Jason Farley gave a talk recently on frame narrative, using The Princess Bride as an example. The story of Wesley and Buttercup is set within the frame, the encompassing context, of the Grandfather and his Grandson. At the beginning, the boy doesn’t understand the Grandfather’s signs of affection, but moans—he’ll pinch my cheek—and reluctantly agrees to listen while his grandfather reads him a story. As he listens, he enters imaginatively into the world of the story, and learns Love. He learns what his grandfather has been trying to show him. And at the end he returns love, asking his grandfather to come back and read it again.
The characters and events of the fairy tale have layered meanings. Within the tale, Wesley’s pursuit and rescue of Buttercup demonstrate his integrity and love, and overcome her cynicism and despair. In the frame, those same characters and events are the self-revelation of the Grandfather to his grandson. Through the reading, he makes himself present to the boy in such a way that the boy is able and willing to draw near.
The Princess Bride is a great example of the effects of the frame because Goldman wrote both the novel and the screenplay. The fairy-tale is essentially the same in both, but in the frame narrative of the book, the tale is used to display the difficulty in adapting an older work for modern tastes (and is thus a commentary on these differences), and all the attending legal and publishing troubles. The two frames make the internal story mean two different things.
The importance of knowing the frame is evident in the book of Job. If we did not see the “day when the sons of God came to present themselves before Yahweh,” we would probably agree with the counsel of Job’s counselors. Clearly, all this disaster is from the hand of God. God does not punish the innocent. Job must have done something wrong. Why won’t he just admit it and repent? Job maintains his innocence and says he does not deserve the punishment. The frame changes our understanding entirely. Job is not being punished. God is putting Job’s faithfulness on display for the cosmos, and is maturing Job to bring him into his own council. Without the frame, we would misunderstand the disaster just as Job and the friends do.
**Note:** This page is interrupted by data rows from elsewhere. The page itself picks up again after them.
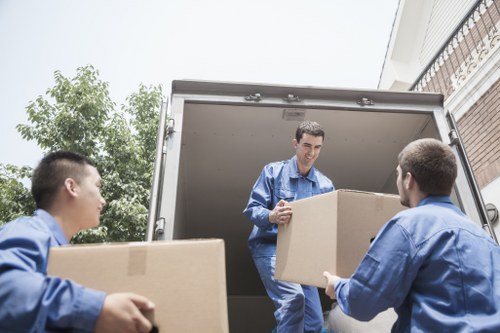 Local packing team managing residential access in Edgware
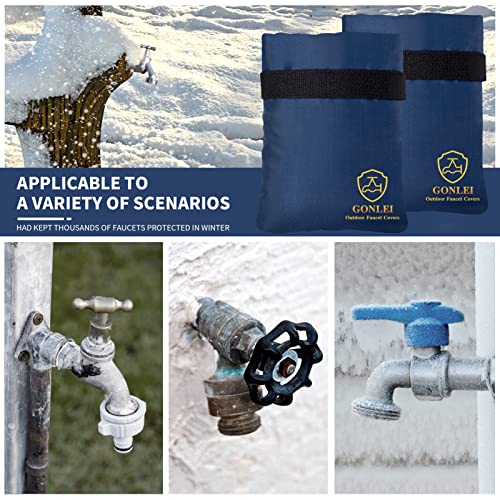GonLei 2Pack 5.5" W x 7.4" H Outdoor Faucet Cover for Winter Insulation Hose Bib Cover Outside Faucet Sock Cover Freeze Protection Spigot Covers Winter Insulated Hose Cover Pipe Freeze Protection Blue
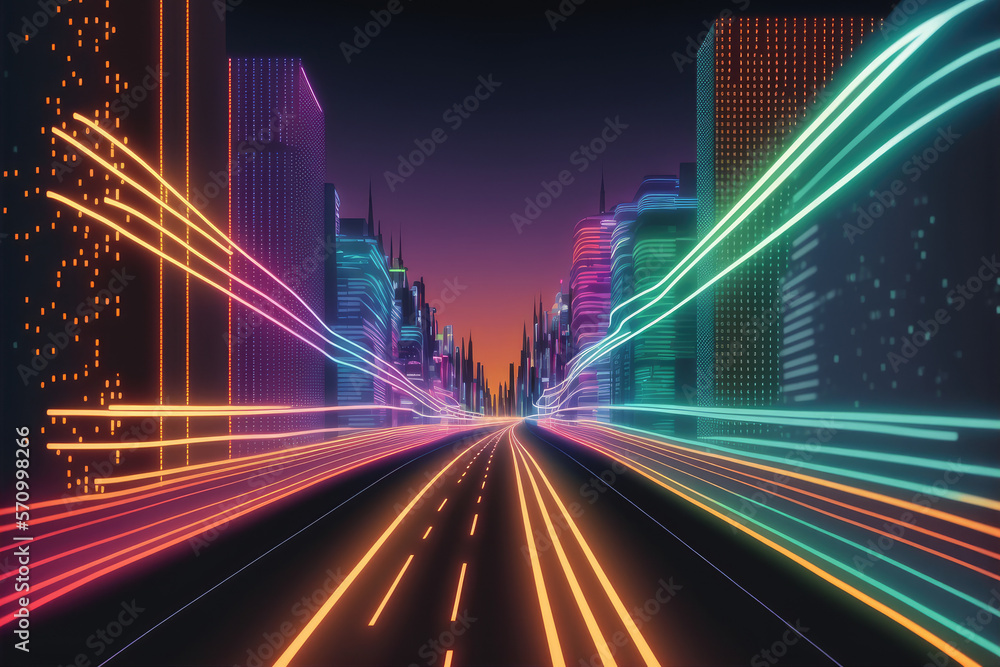 Abstract highway path through digital smart city graphic design. Peculiar AI generative image.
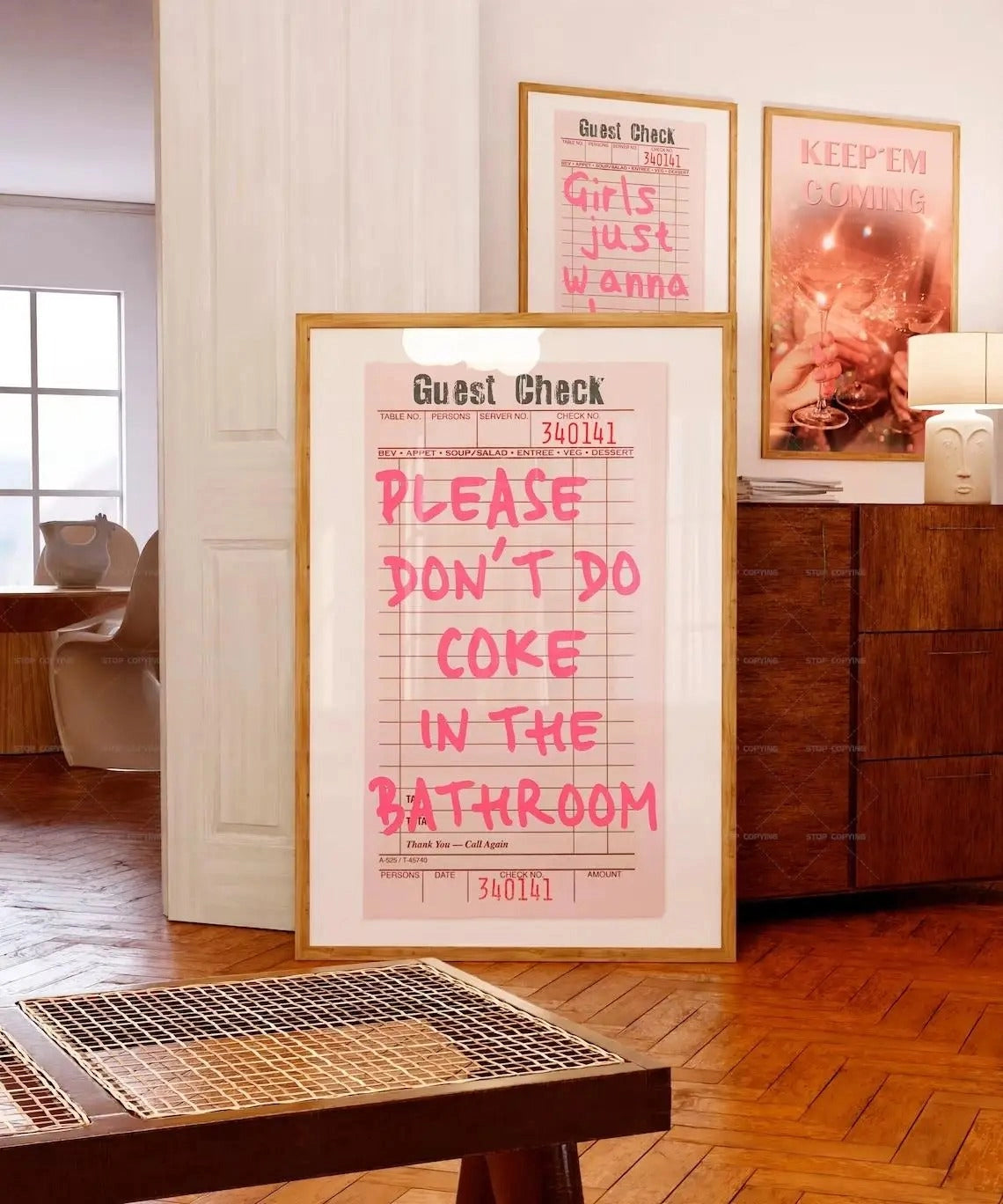 Heart-shaped poster with a humorous design resembling a guest check, placed on a wooden table near a window. The poster features playful typography, making it an ideal funny love gift for couples.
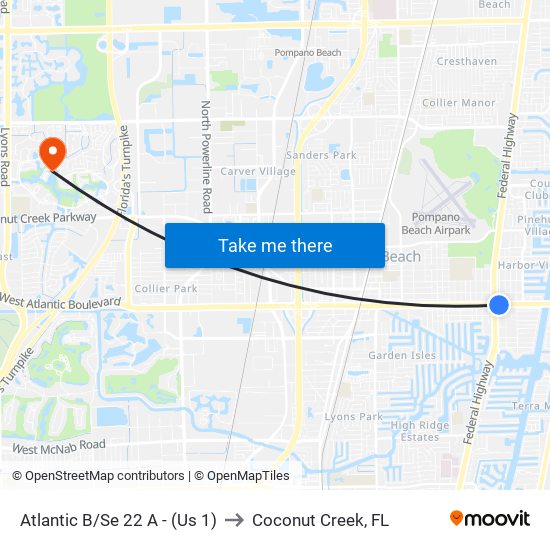 Atlantic B/Se 22 A - (Us 1) to Coconut Creek, FL map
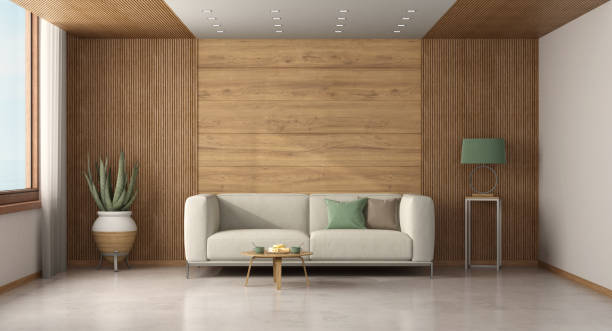 istock Modern living room with white sofa and wood paneling 1496320005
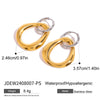 Stainless Steel Geometric Earrings For Women With Electroplating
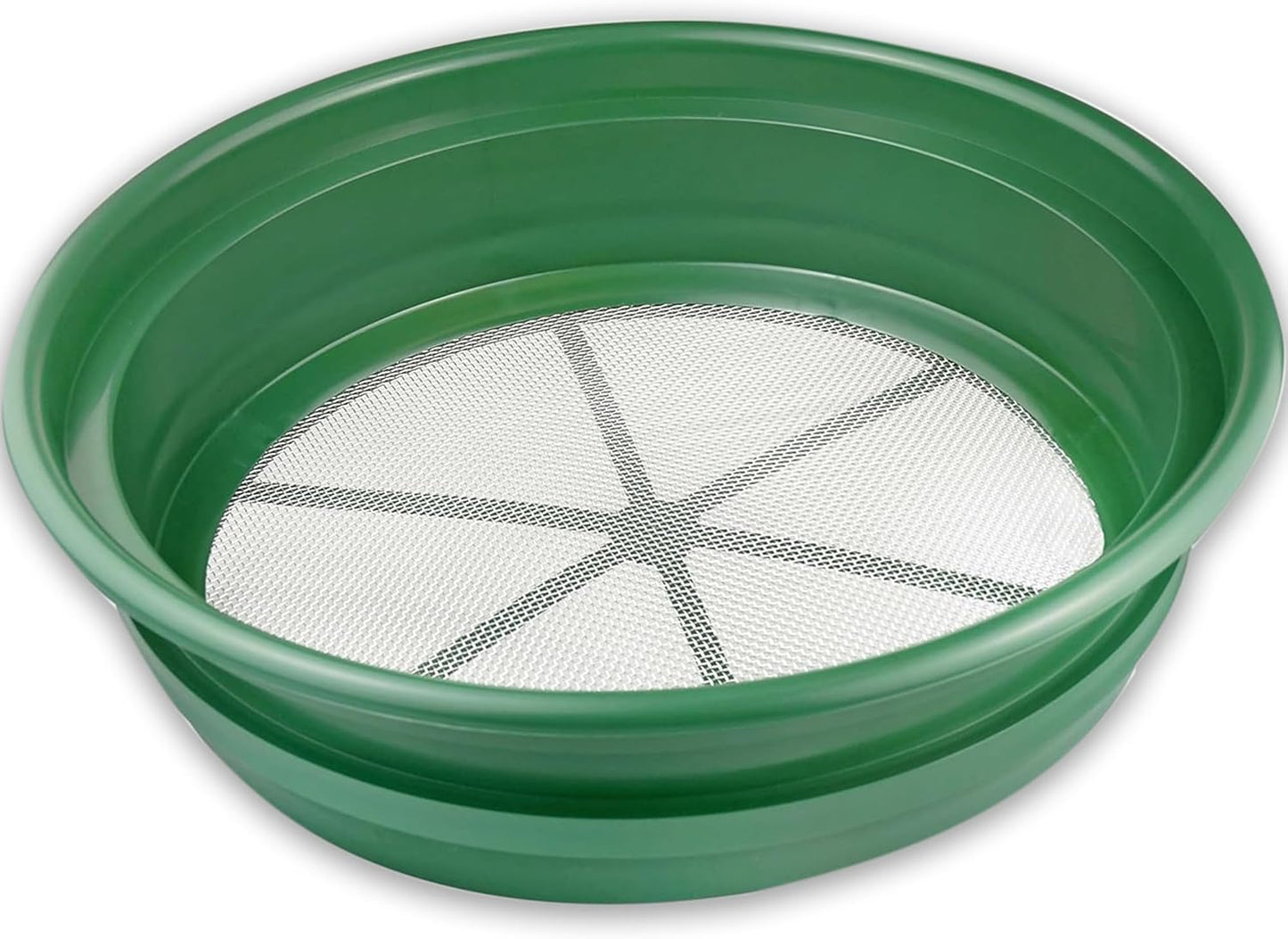 SE 13.25 Inch Wide Stackable Classifier Gold Prospecting Pan - 1/8 Inch Stainless Steel Mesh Sifting Pan, Green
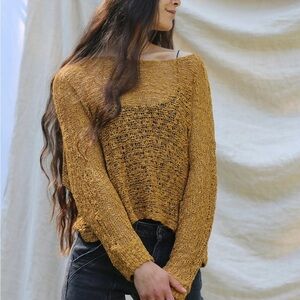 Amber Colored 419 SoHo Pullover by Island Tribe Knits Boho Swim Coverup Sz Large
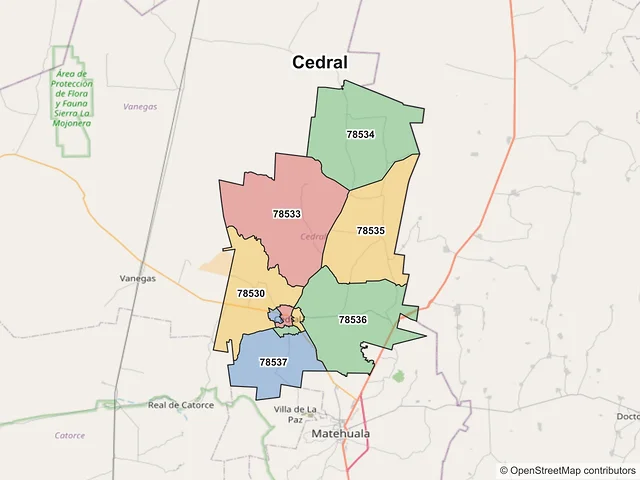 Mapa de códigos postales de Cedral, San Luis Potosí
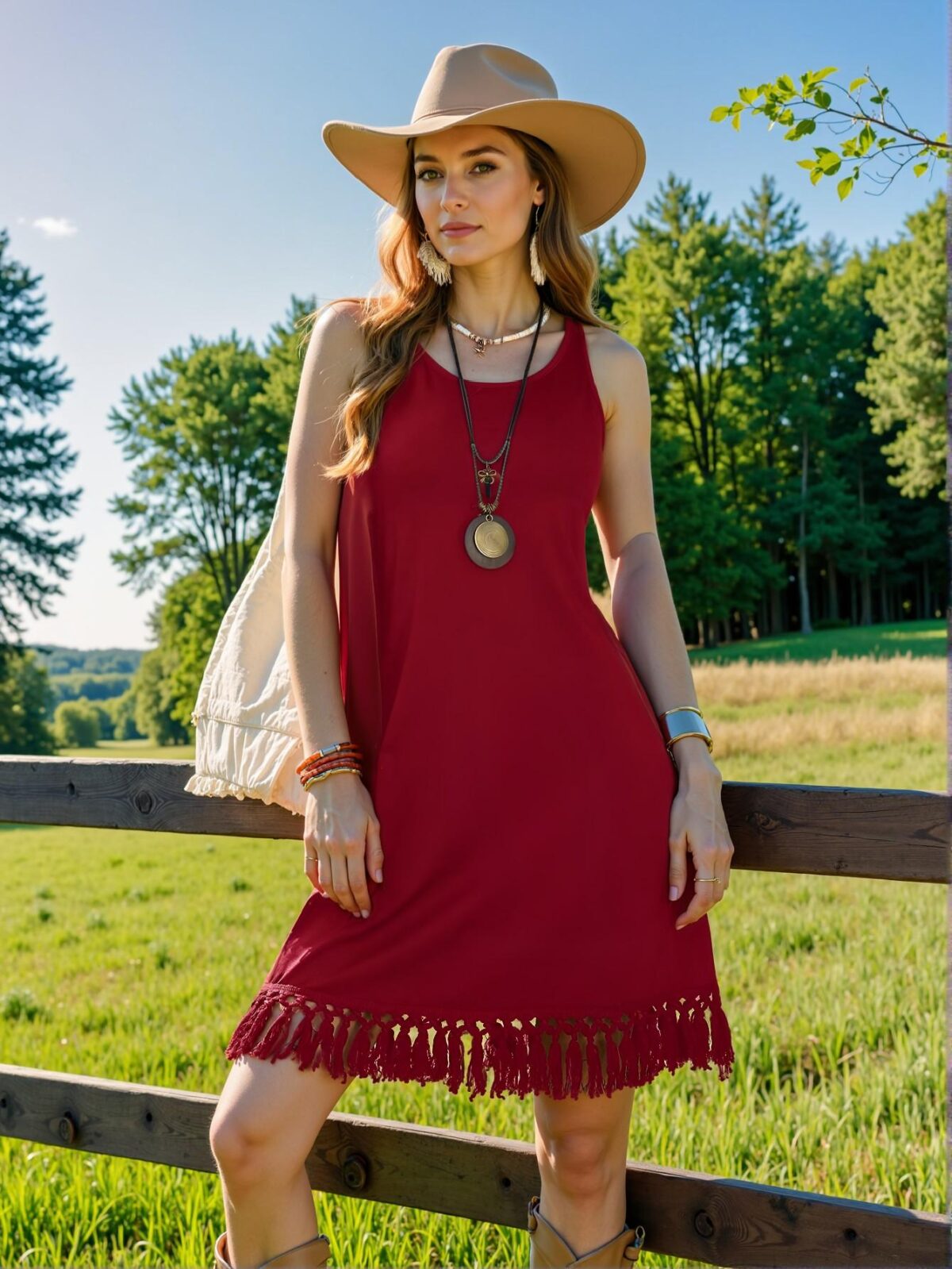 Elegant Burgundy Boho Tassel Hem Sleeveless Mini Dress Perfect for Music Festivals in Spring & Summer - Chic, Classy and Trendy Fashion Style to Dress to Impress - Image 2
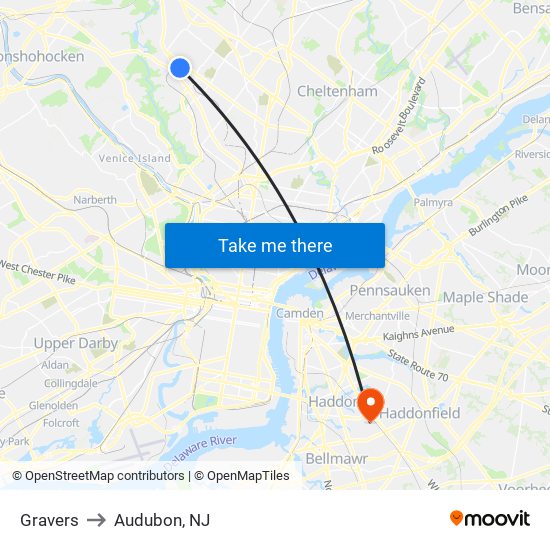 Gravers to Audubon, NJ map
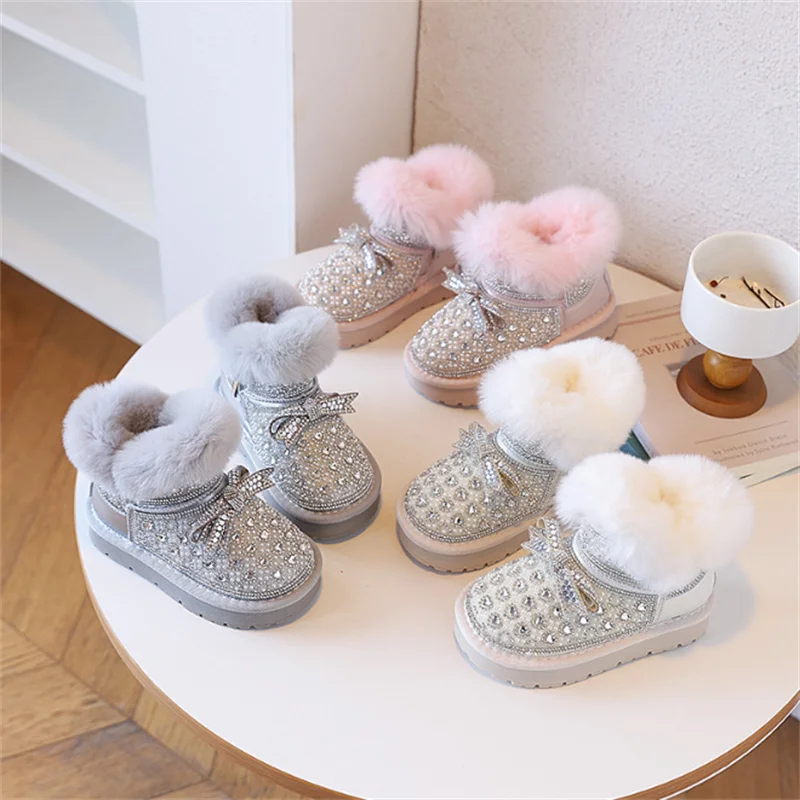 

Новые зимние детские зимние сапоги, кожаные теплые плюшевые блестящие детские туфли со стразами, нескользящие модные хлопковые сапоги для девочек, размеры 26–37 г.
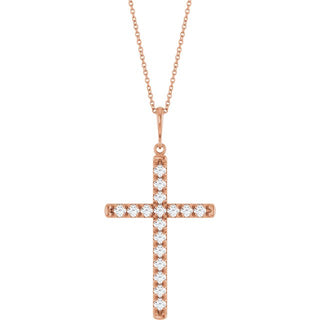 14K Rose 1 CTW Lab-Grown Diamond French-Set Cross 16-18" Necklace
In God of Hope, Dr. Leithart displays the wonderful life and love shared within the Trinity. The life and love that proceeds from the Father is gifted to the Son through the Spirit. It is received with gratitude and returned with love. The Father is eternally begetting, overflowing with this life and love toward another, the Son. The Son is eternally begotten, proceeding from the Father. The Father is entirely outward and other focused, toward his Son, through the Spirit. The Son is likewise outwardly and other focused toward his Father.
This shared life, this intra-Trinitarian love, is the frame, the context within which all else is to be understood. I seems to me that this cannot be emphasized enough. It is the sine qua non of Christianity. If we miss this, or forget or ignore it, we will make mistakes like that of Job’s counselors. Heretical offshoots like Islam, Jehovah’s Witnesses, and Mormonism all began with the bible. The Jews use the Old Testament. Other groups build “churches”, perform sacraments, baptize, worship god or gods, and maintain a clergy. None of these serve the Three-Person’d God, and so they tell very different stories.
This inner life of the Trinity is the frame narrative into which the cosmos is spoken. The Father breathes out his Spirit and with his Word creates an other—the heavens and the earth. It is a gift to the Son. The Son receives this gift and makes it fruitful, multiplying sons, filling it and subduing it to bring it to maturity and glory. He gardens the world, shepherds it, draws it all toward himself. When he has glorified it—when the world knows that he loves the Father—he returns it all to his Father so that his Father might be all in all.